Crowdcube another equity crowdfunding platform, sees the potential of crowdfunding as even greater than that. It could end up replacing VC in many ways, says Luke Lang, co-founder of Crowdcube.
“My vision for Crowdcube is to make it the Google of SME [Small and Medium Enterprise] financing in the UK,” he says. “It’s already becoming one of the main ways to raise funds when it used to be considered a last resort just three years ago.”
It’s a disruption that is being repeated right across the globe, he adds. “The internet has democratised the process. Look at where you’re most likely to get success. If you can get on Crowcube, you’ve got a very strong chance of raising the money you’re after. Escape the City [a job site], turned down offers for investment in favour of using Crowdcube.”
Gonçalo de Vasconcelos, co-founder and chief executive officer (CEO) of Syndicate Room agrees that equity crowdfunding could spell an end to VC. “They charge ridiculous amounts and are a huge burden on entrepreneurs.

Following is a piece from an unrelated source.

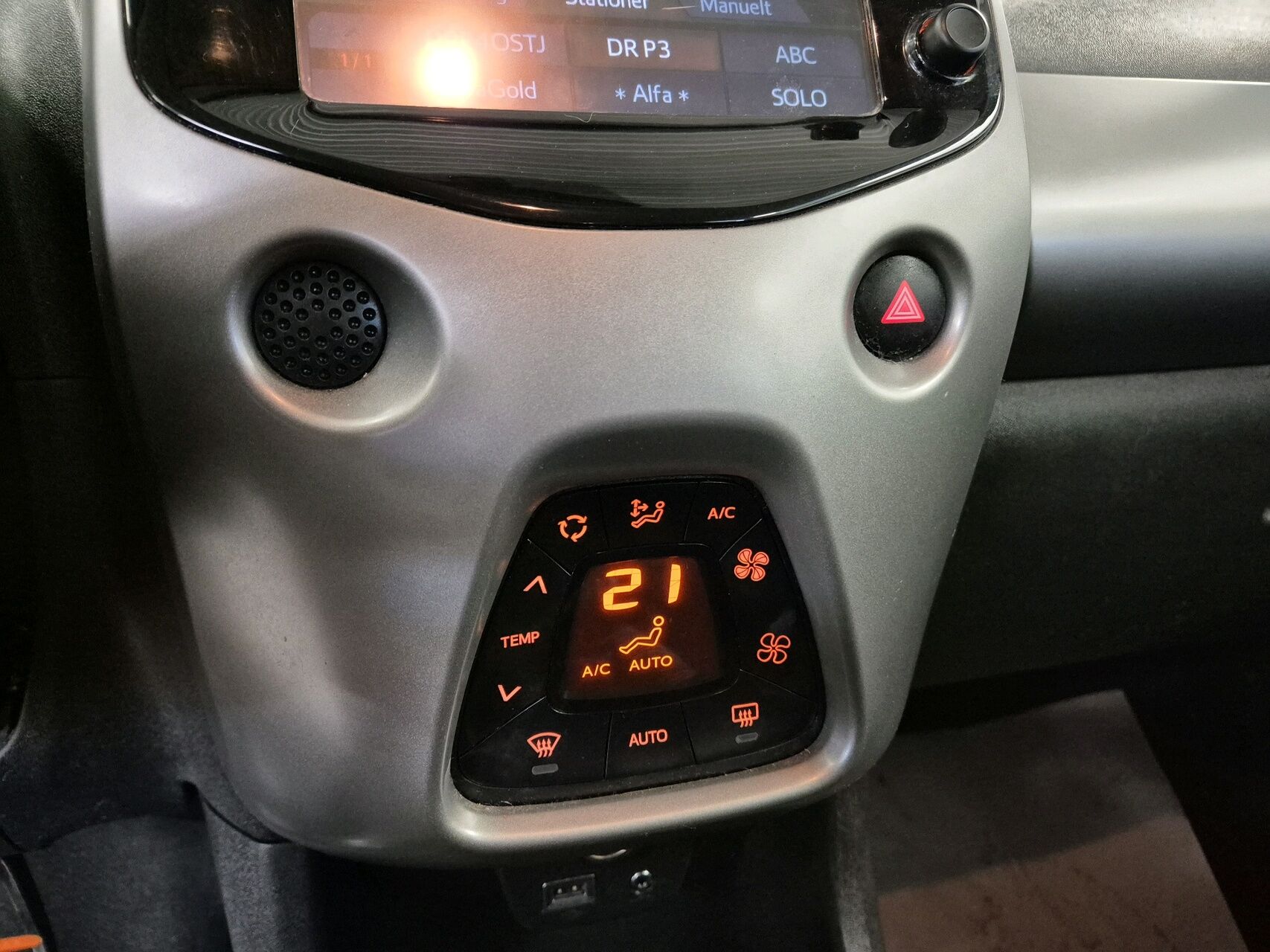 Billede af Citroën C1 1,2 PureTech Extra 82HK 5d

In fact they often end up kicking out the entrepreneur at some point after they invest and they dilute the investment of any angel investor that came in before,” he says.
“From an investor perspective, a VC means you have a manager who will come in and decide what to invest in and take 25% for the privilege. You go crowdfunding and you can say: ‘So now I can invest in 10 companies instead of eight and choose what to invest in. I like this idea and this company, not so much this one,’” adds Tom Britton, co-founder and chief Technology Officer (CTO) at Syndicate Room.
But despite the positives, there are still worrying signs in the sector, says Vasconcelos. Rampant growth in site number and the potential for unchecked unscrupulous sites could end up damaging the reputation of crowdfunding – potentially beyond repair. “You look at the number of deals going on across the UK alone, there is no way there are that many good companies and investments,” he explains. “It’s just a matter of statistics. Are they just churning out deals for the sake of it? It could be a numbers game – the more they get funded, the better for them.”
The trouble is that it is easy to find entrepreneurs that need money, it is much harder to find entrepreneurs worthy to take your money, he adds. If horror stories start emerging about investors losing significant amounts in deals gone bad, it could be extremely damaging to the sector, he says.
“You have to think that there are lots of people looking for money, but how many of them deserve it? And work from there,” agrees Britton.
And on the flip-side, there are concerns from entrepreneurs and later-stage investors about crowdfunded businesses. For one, there is not a single person that can be held accountable if it goes wrong, a business goes bankrupt and investors all lose their money, says Mark Payton, managing director of Mercia Fund Management.”There’s no one putting their name next to it and being able to claim the glory if it does well but be fingered if it doesn’t,” he adds.
Equally crowdfunded business can have too many stakeholders for secondary financiers. VCs and other forms of secondary finance like a nice simple share structure and decision route, he says. “Having multiple share-holders can make it difficult for an institutional investment fund to follow its money through,” Payton adds.
Although some sites, such as Seedrs, have put in place models to take care of this exact problem, many others will leave a business without a secondary funding option – putting it in jeopardy of not being able to expand. This could be a problem as the industry continues to look for successful exit stories.
For now, crowdfunding remains a new innovation with many questions facing it. First adopters are likely to continue to test it out but they should make sure they tread carefully, consider all scenarios fully and read the fine print.